Architect John Pawson takes part in Fantastic Man’s Questionnaire series and tells us why a white shirt is more than just a wardrobe staple.
Fantastic Man: What type of garment is key to your personal style?
John Pawson: It’s very difficult to beat a white, white shirt.
How many examples of this garment do you have in your wardrobe?
I have very few things, probably a few white shirts along with a few pairs of chinos. I hang on to my shirts until they are literally ripping apart. I think it’s from my mother; she had this thing where she thought that men with threadbare shirts were somehow honest. She loved patches on jackets.
What is it specifically about white, white shirts that you love?
They are such beautiful things to slip into, like white linen sheets. Also I just love the colour white, I could be an evangelist for it. I daydream about beautiful alabaster, or sea salt, or white sands in the sun, or Moroccan plasterwork that’s slightly veiny like old porcelain. Obviously white isn’t technically a colour in itself but it’s so varied and it reflects colour. It picks up its surroundings: the green in the garden, for example. You can’t beat it.
Do you know where your attachment to this garment comes from? Is it something from your youth, or something you picked up from a specific person? When, who?
I remember when I was younger and spent time with the designer SHIRO KURAMATA in Japan, he would always have the most amazing starched white shirts. When you sent them to the cleaner there they would always get starched unless you asked them not to so they’d be absolutely rigid to get into. They felt like cardboard but looked amazing.
Is it hard to keep white, white shirts clean?
To keep shirts as fresh and as white as possible I wash them on their own, not even with white socks or T-shirts.

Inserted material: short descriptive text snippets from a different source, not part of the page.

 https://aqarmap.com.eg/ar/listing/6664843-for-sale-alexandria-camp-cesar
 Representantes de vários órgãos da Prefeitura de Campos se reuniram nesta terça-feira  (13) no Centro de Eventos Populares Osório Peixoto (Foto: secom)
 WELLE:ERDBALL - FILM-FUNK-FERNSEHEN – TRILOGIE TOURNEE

But I have learnt to never bother about stains or things spilling on me. I was in Marrakech with my wife CATHERINE at a restaurant, they brought the tagine out and the waiter dropped the lid straight into it and it just went, ‘splooosh!’ Just like that, absolutely everywhere. Of course I was wearing white and it made this incredible pattern all over my shirt. Everyone there was looking at me and I didn’t react, they were all amazed that I kept wearing it but I quite liked the pattern. In general I feel it’s important not to care too much about material things. A man once came to interview me, he’d just had a long haul flight from India and he was in the most beautiful yellow-brown linen suit, he’d kept his MONTBLANC pen in his inside pocket during the flight and when he opened it to start making notes he discovered it had exploded. It had leaked completely through the inside of the jacket and also all over his white shirt – he couldn't carry on. He was completely done and just excused himself and left. I thought it was fine though!
“I wash them on their own, not even with white socks or T-shirts.”

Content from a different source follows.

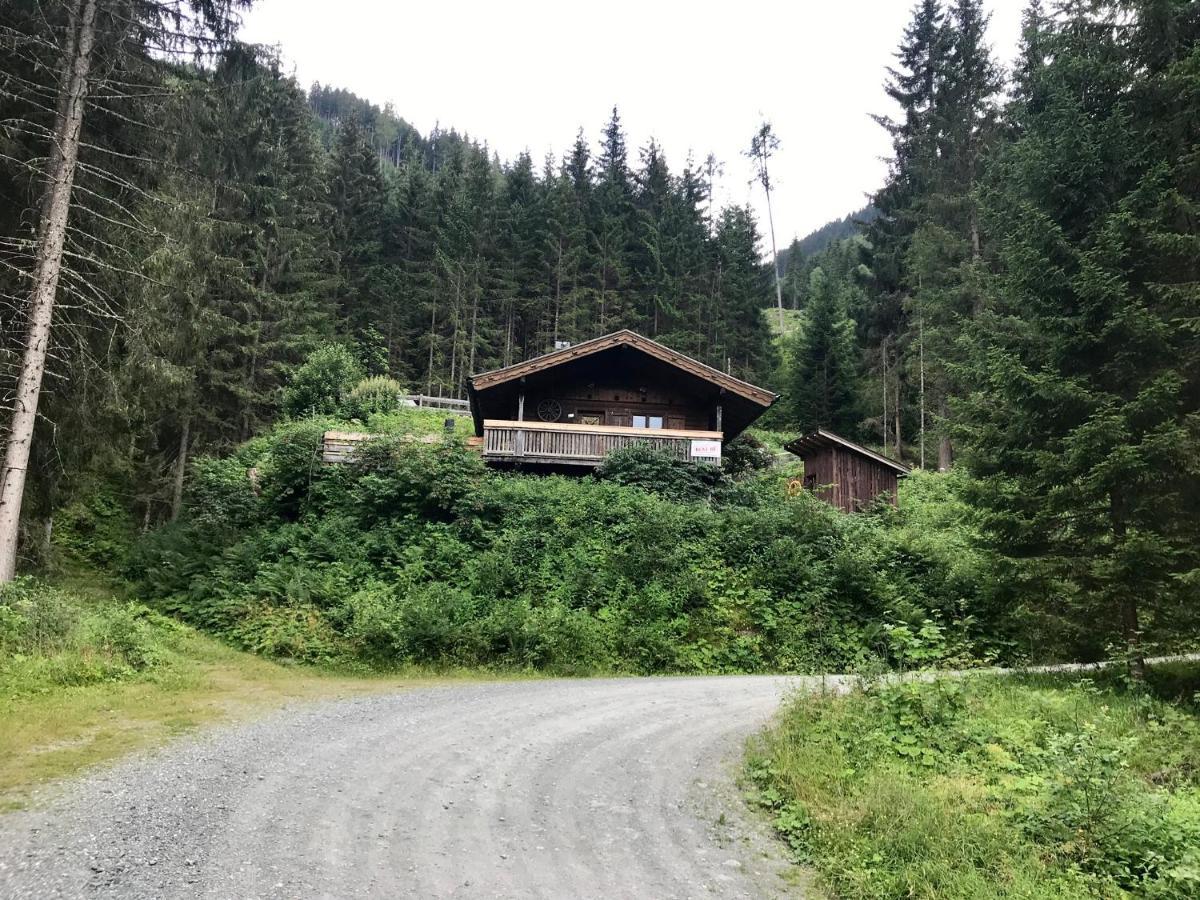 Wasserfallhuette Saalbach Exterior photo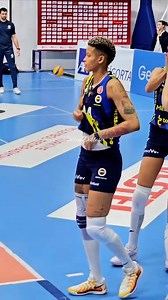 Melissa Vargas and Aslı Kalaç #voleybol #volleyball #millitakım #fenerbahçe #fun #funny #prank #sports #besties #friends #friendship #volleyballplayer #volleyballstar #melissavargas | Voleybol Delisi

Is there anything you can’t stand getting stains on?
Funnily enough one of the only places I really don’t like getting stains on is my pullover. They’re hard to see and they rarely look good; usually just like you’ve spilled a bit of messy food down yourself. Ties as well, you can’t have a stained tie. They’re so hard to dry clean. But really the key to stains is to not lose your head and not get upset. It’s the same with losing things.
Do you lose things often?
From time to time. We went away to Spain recently for a long weekend, there was a change of plan and I couldn’t go home to pack so CATHERINE very kindly packed for me but she forgot my shirts. I had this one white shirt that got washed every morning, because in Spain it could be washed and dried in an instant. I just felt free. Once British Airways lost my suitcase on the way to Tuscany and I didn’t get it back until just before I left. It was sort of fun. Actually, it felt really good. Luckily I was there for a holiday rather than a presentation for a client, that would have been a bore. I actually don’t check-in my presentation clothes any more just in case they get lost, I make sure I have them with me at all times.
Who or what do you look at for style inspiration? Do you look at fashion?
No, not really. CATHERINE buys most of my clothes for me. She tries to get me to wear blue shirts because they match my eyes but I obviously prefer white ones, then I tend to wear grey trousers in the winter and khaki in summer. Most of my things are from RALPH LAUREN. I should make more of an effort really. Shoes are a bit of an effort; they’re hard to get for someone else so I often get those for myself. I recently wore out my red trainers so I went and bought myself a new pair of bright white ones; these are called ‘Pure White’ by ASICS or something like that.
They’ve got some interesting stains on them.
I spilled red wine on them the first day I got them. It was my son BEN’s 27th birthday and I managed to get a big splash of red on them.
What are the green marks?
It’s some sort of plant. I was deep in the undergrowth in Spain, you see, and I managed to get lots of bits of plant stuck into them. Can you see the thorns too? I got most of them out but there are still a few in there. I’m going to hold onto these for a while though, despite the stains. It’s such a pain getting new ones.
What amazing tip for wardrobe management or maintenance can you share?
Use white clothing in moderation. The all-white suit is not a good look; you end up looking like a dentist, or a sailor, or a steward on an airplane.